►
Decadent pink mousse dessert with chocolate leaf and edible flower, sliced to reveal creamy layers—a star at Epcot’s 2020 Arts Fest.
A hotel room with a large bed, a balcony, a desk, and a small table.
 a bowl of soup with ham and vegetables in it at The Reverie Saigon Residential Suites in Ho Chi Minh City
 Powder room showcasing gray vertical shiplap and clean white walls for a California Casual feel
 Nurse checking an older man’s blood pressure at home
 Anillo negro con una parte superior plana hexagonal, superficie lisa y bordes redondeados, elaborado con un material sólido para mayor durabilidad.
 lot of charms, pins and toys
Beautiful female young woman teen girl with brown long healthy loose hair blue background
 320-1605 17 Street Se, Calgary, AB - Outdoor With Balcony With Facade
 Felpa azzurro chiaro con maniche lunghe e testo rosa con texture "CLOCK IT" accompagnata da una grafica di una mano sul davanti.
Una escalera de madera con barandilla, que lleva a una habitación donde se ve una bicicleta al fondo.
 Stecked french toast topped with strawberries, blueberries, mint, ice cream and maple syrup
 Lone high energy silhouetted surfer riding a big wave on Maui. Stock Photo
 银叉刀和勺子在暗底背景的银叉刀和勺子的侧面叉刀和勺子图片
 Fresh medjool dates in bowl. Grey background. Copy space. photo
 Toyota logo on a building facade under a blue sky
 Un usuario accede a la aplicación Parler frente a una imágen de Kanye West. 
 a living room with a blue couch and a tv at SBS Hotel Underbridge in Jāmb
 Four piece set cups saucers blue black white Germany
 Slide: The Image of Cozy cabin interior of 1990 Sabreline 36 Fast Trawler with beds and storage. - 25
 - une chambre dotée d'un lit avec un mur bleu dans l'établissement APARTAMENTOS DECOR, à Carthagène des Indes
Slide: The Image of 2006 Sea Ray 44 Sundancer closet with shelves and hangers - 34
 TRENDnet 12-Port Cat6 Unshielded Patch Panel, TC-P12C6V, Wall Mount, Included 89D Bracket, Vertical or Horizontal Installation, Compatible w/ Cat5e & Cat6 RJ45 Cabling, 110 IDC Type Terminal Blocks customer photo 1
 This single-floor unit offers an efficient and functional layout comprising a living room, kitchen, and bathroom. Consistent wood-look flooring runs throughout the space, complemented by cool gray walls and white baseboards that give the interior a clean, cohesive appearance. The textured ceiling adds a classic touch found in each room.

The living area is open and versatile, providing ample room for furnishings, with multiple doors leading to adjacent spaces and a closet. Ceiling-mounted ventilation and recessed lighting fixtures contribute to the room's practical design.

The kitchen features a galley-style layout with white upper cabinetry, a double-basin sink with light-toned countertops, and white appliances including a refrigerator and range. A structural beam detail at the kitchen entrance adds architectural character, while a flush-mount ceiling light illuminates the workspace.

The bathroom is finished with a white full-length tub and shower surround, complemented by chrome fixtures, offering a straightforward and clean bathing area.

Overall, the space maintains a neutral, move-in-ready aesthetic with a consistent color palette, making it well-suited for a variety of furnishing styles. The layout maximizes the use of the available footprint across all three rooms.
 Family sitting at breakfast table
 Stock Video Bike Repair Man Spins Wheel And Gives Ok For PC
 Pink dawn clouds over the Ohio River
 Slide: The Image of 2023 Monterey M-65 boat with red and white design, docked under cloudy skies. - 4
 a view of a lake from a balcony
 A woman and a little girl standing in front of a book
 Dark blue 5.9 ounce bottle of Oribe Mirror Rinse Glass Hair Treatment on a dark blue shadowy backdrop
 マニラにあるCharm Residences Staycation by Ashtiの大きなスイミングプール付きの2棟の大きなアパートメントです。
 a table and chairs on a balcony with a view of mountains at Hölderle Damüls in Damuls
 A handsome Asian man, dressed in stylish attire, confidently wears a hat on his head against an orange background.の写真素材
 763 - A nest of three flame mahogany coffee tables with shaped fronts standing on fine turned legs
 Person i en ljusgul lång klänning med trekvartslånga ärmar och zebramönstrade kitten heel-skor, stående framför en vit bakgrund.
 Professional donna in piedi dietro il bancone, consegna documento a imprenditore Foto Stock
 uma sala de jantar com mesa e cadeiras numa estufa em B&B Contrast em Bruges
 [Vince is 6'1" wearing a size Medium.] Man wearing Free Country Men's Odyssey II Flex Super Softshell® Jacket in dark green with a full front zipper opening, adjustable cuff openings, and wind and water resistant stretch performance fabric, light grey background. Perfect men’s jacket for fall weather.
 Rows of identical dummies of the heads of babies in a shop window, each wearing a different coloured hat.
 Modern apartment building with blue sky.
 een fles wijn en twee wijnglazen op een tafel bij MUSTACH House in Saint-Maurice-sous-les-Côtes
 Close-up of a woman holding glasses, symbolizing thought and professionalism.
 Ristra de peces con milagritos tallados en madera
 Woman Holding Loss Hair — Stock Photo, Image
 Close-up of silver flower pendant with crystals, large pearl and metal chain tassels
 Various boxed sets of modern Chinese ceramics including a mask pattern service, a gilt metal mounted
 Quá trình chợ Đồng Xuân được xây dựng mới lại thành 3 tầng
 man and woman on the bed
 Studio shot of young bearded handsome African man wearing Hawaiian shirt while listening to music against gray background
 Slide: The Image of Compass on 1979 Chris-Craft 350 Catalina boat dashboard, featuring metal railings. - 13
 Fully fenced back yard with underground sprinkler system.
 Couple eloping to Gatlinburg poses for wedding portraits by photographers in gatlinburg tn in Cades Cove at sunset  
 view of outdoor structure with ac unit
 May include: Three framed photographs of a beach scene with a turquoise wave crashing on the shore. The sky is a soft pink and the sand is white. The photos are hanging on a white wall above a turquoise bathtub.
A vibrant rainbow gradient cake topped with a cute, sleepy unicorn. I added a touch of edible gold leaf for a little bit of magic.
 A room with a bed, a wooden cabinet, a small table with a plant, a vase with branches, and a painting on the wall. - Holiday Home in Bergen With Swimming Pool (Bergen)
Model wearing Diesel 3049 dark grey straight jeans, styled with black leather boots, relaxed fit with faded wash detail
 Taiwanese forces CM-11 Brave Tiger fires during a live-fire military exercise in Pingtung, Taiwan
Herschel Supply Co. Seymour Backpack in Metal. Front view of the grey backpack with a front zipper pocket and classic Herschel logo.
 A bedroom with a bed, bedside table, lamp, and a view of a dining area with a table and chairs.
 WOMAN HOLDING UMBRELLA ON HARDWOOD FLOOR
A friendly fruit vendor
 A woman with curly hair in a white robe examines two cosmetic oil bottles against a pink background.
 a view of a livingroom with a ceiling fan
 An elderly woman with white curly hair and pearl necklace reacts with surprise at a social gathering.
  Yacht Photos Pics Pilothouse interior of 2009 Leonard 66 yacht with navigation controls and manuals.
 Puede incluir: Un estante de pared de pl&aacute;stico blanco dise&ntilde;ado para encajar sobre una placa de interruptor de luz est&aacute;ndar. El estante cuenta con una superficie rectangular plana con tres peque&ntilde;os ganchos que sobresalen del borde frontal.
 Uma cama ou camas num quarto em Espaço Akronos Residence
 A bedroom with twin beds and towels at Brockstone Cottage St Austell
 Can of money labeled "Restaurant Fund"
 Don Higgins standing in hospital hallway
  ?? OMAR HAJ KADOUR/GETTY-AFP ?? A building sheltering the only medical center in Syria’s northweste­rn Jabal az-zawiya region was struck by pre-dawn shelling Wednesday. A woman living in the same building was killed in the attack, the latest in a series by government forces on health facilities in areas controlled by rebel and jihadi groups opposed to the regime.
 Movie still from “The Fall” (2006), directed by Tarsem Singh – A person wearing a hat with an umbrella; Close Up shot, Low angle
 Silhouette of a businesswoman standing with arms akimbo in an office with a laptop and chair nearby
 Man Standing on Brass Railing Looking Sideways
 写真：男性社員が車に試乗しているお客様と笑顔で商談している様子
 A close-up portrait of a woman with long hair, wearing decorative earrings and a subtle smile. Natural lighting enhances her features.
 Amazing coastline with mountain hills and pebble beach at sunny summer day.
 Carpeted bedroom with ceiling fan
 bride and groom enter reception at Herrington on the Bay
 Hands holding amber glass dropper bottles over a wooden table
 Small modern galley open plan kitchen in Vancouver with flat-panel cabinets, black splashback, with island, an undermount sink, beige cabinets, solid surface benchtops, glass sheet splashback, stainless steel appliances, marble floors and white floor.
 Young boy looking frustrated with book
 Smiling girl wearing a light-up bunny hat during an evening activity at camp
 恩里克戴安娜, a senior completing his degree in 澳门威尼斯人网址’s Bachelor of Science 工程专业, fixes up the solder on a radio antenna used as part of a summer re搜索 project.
◄
Among the entries above, find the line with "This single-floor unit" and the line with "Stock Video Bike"; give again exactly these two lines and all lines between them.

 This single-floor unit offers an efficient and functional layout comprising a living room, kitchen, and bathroom. Consistent wood-look flooring runs throughout the space, complemented by cool gray walls and white baseboards that give the interior a clean, cohesive appearance. The textured ceiling adds a classic touch found in each room.

The living area is open and versatile, providing ample room for furnishings, with multiple doors leading to adjacent spaces and a closet. Ceiling-mounted ventilation and recessed lighting fixtures contribute to the room's practical design.

The kitchen features a galley-style layout with white upper cabinetry, a double-basin sink with light-toned countertops, and white appliances including a refrigerator and range. A structural beam detail at the kitchen entrance adds architectural character, while a flush-mount ceiling light illuminates the workspace.

The bathroom is finished with a white full-length tub and shower surround, complemented by chrome fixtures, offering a straightforward and clean bathing area.

Overall, the space maintains a neutral, move-in-ready aesthetic with a consistent color palette, making it well-suited for a variety of furnishing styles. The layout maximizes the use of the available footprint across all three rooms.
 Family sitting at breakfast table
 Stock Video Bike Repair Man Spins Wheel And Gives Ok For PC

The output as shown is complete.